Es una situación que lleva años repitiéndose con numerosos deportistas (y otro largo elenco de adinerados profesionales). Muchos, futbolistas, son estrellas intocables tanto para sus equipos como para sus aficiones, pero se merecen sufrir una reprobación social de tal calibre que deberían verse obligados a disfrazarse para poder salir a la calle. Pero no, todo lo contrario.
Y eso que sus confesados fraudes fiscales damnifican a la sociedad por dos vertientes distintas: la de la falta de contribución al sostenimiento económico del Estado y la del mal ejemplo ofrecido, tanto por los culpables que defraudan como por las autoridades que les admiten pactos para evitar la cárcel.

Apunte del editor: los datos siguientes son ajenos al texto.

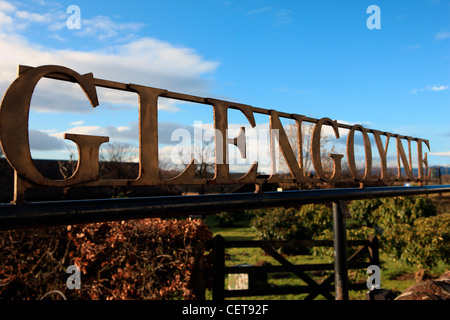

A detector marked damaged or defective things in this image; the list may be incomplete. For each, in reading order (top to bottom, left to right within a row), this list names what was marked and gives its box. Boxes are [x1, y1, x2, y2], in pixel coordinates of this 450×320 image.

rusty metal sign [0, 65, 432, 202] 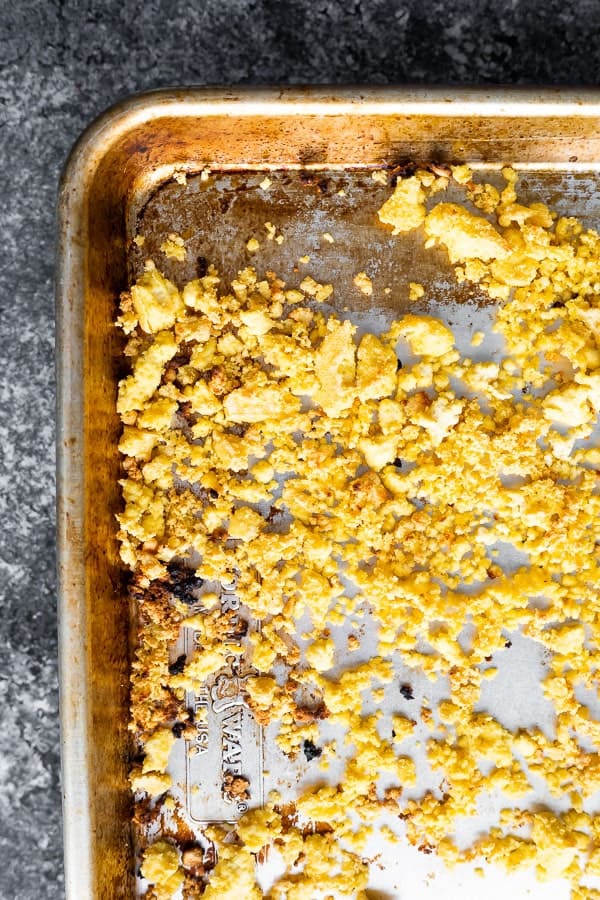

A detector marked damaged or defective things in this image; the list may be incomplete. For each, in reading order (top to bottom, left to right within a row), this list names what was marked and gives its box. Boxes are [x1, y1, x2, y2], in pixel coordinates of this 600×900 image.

charred black crumb [166, 564, 206, 604]
charred black crumb [169, 652, 188, 676]
charred black crumb [302, 740, 322, 760] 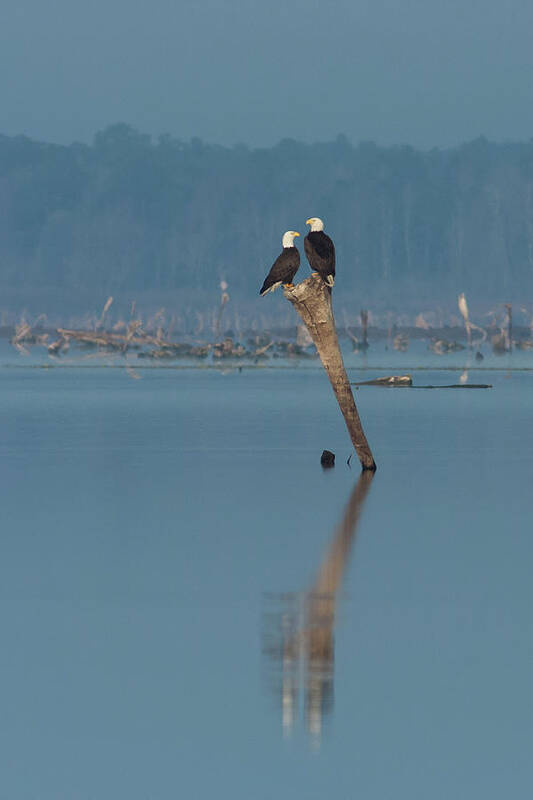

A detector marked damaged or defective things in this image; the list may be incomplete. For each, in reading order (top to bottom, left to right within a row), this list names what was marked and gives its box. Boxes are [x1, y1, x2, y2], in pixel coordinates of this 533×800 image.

broken top of post [284, 276, 376, 472] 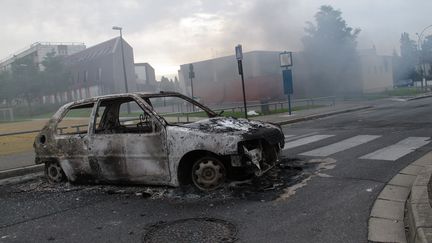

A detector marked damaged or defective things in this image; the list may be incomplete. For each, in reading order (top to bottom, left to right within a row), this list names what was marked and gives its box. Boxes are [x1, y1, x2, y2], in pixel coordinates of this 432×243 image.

burned out car [33, 92, 284, 191] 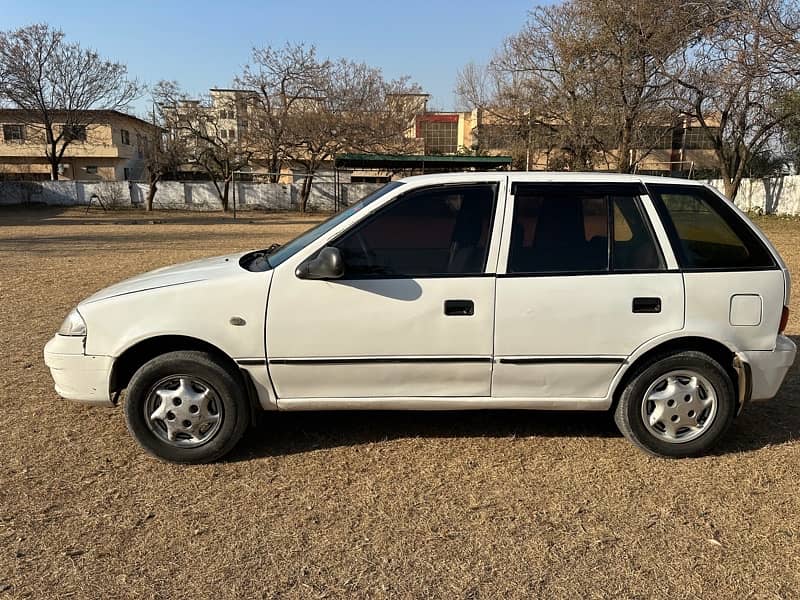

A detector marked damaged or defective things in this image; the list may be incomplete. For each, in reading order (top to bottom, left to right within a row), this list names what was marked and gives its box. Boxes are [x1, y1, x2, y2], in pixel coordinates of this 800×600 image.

dent on car door [266, 180, 504, 400]
dent on car door [494, 180, 688, 400] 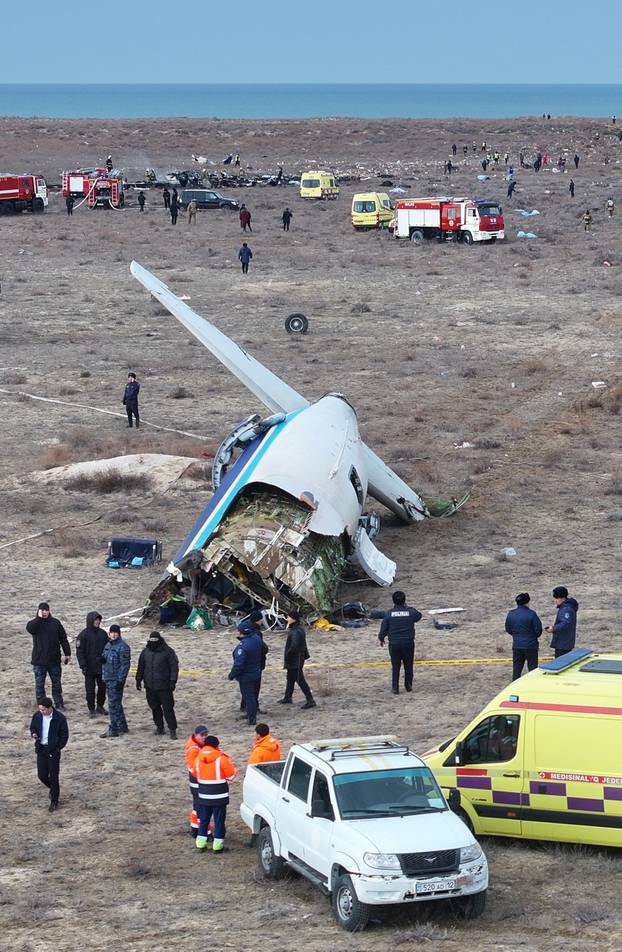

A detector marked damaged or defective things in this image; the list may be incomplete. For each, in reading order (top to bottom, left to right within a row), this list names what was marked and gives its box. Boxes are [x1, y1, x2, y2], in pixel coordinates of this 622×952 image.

crashed passenger plane [132, 260, 468, 616] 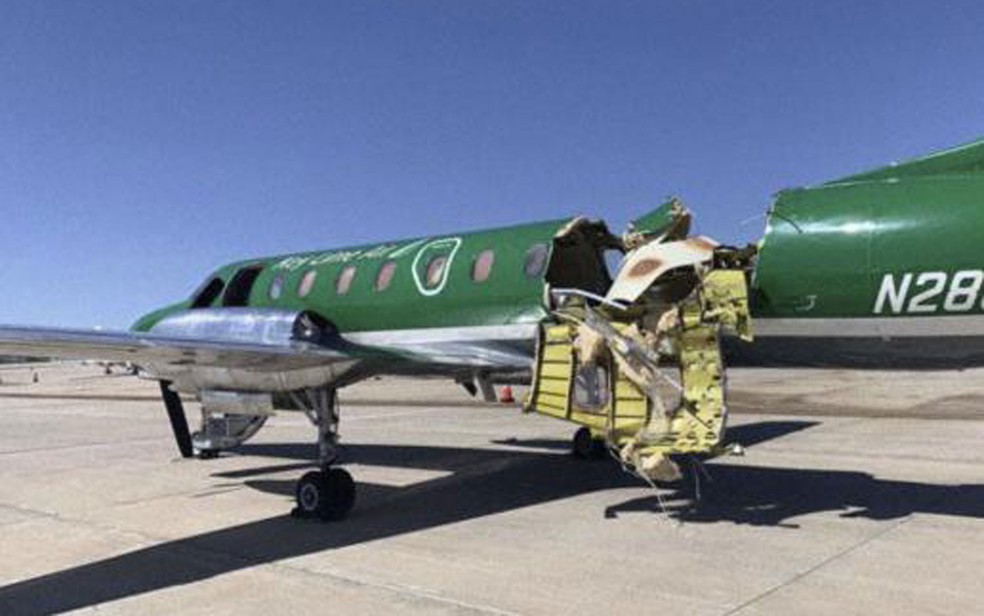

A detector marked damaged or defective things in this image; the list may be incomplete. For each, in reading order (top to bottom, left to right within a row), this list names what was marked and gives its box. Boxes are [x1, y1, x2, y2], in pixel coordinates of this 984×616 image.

damaged green airplane [3, 140, 980, 520]
torn fuselage section [532, 201, 752, 482] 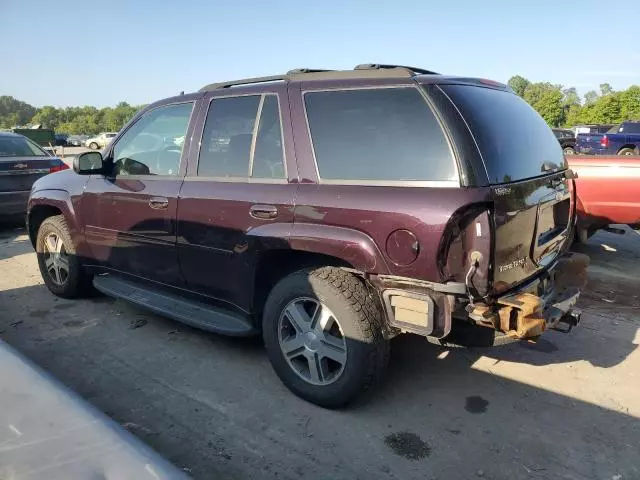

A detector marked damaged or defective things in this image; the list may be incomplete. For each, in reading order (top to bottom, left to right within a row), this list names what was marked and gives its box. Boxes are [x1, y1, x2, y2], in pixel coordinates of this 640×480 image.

rear bumper damage [376, 251, 592, 342] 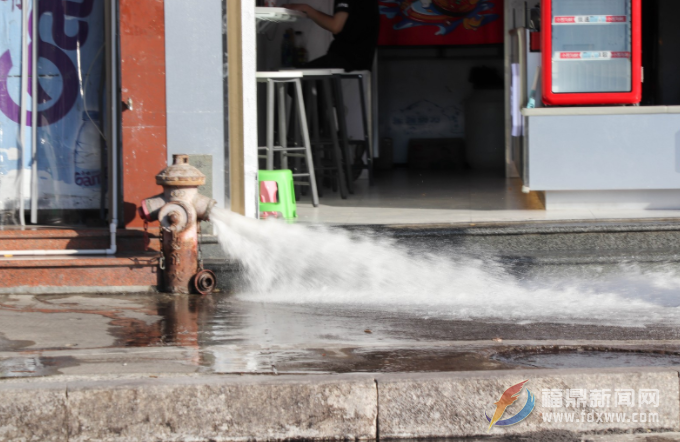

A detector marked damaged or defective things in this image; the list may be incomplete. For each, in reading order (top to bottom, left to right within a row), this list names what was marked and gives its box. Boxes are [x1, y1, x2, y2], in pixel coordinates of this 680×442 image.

rusty fire hydrant [141, 154, 218, 296] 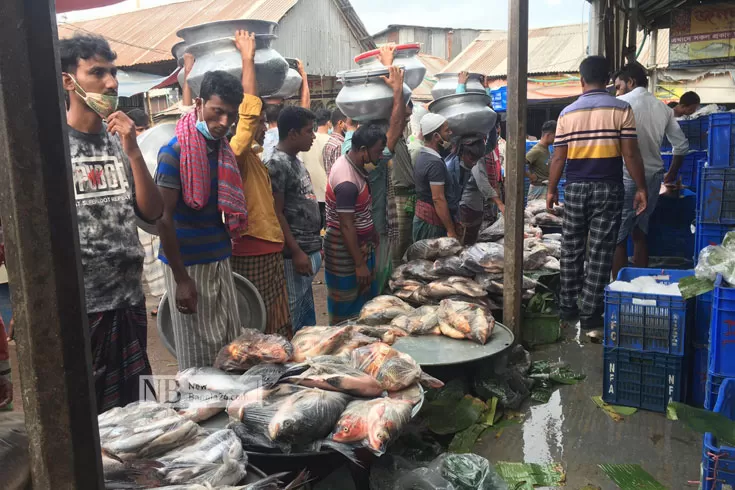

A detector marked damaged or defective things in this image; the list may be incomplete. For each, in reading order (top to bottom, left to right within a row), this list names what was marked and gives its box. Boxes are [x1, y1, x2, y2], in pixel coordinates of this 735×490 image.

rusty metal pole [0, 0, 104, 486]
rusty metal pole [506, 0, 528, 340] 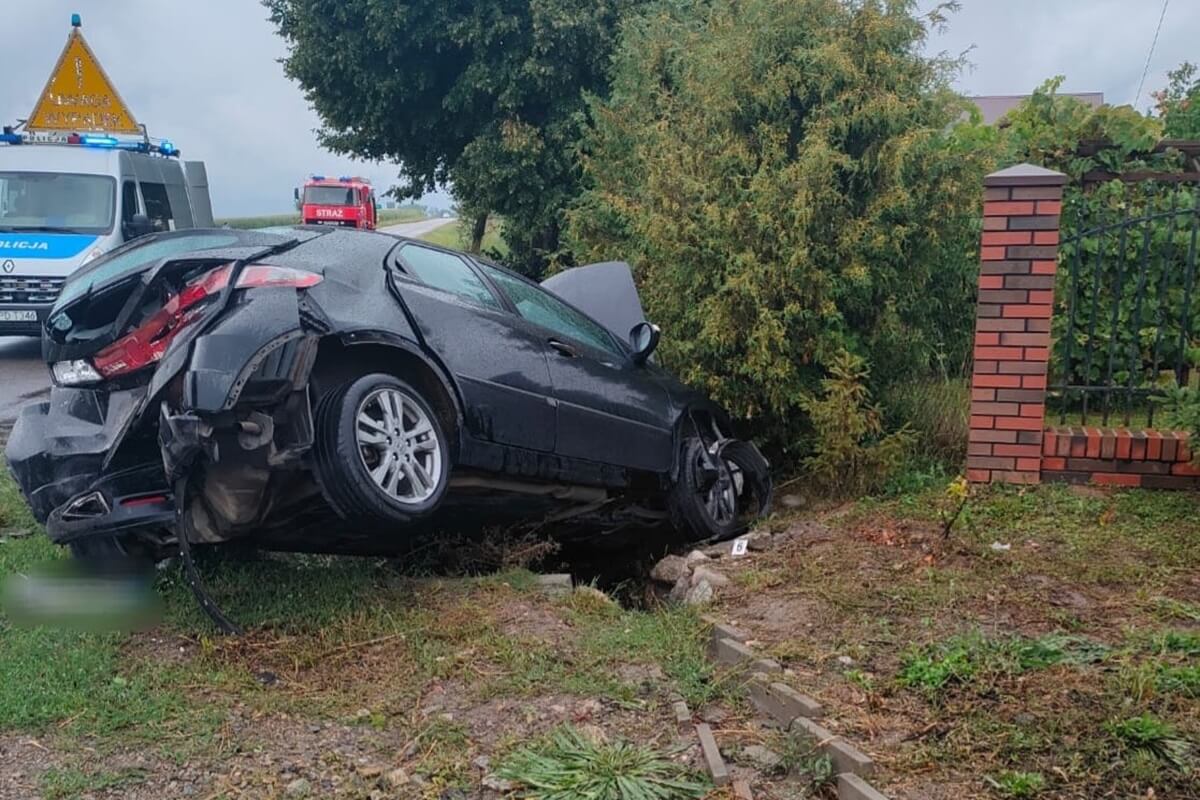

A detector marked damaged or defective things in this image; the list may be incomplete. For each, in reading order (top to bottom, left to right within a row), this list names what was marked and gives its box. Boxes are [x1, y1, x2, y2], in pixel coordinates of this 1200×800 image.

broken taillight [88, 262, 321, 381]
damaged black car [4, 227, 772, 578]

Ayer fueron Cristiano Ronaldo y Xabi Alonso los que recorrieron el paseíllo hasta la puerta del juzgado en Madrid. Anteriormente ya han desfilado otros: Messi, Dani Alves, Di María… y un largo listado que no deja de crecer para incrementar la vergüenza. La de todos: los que lo hacen, los que lo permiten y los que seguimos tolerándolo.